(DATASET EXCERPT):

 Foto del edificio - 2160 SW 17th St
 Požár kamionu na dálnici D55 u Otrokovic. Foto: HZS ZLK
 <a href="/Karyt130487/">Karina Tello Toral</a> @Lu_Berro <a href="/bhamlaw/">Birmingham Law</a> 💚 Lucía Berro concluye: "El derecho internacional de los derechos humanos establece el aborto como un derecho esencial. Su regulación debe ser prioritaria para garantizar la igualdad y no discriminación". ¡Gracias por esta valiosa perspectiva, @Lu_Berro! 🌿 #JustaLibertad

(WHAT YOU HAVE TO DO):
Write down the full listing again, exactly.

(SOLUTION TO THE PROBLEM):
 Foto del edificio - 2160 SW 17th St
 Požár kamionu na dálnici D55 u Otrokovic. Foto: HZS ZLK
 <a href="/Karyt130487/">Karina Tello Toral</a> @Lu_Berro <a href="/bhamlaw/">Birmingham Law</a> 💚 Lucía Berro concluye: "El derecho internacional de los derechos humanos establece el aborto como un derecho esencial. Su regulación debe ser prioritaria para garantizar la igualdad y no discriminación". ¡Gracias por esta valiosa perspectiva, @Lu_Berro! 🌿 #JustaLibertad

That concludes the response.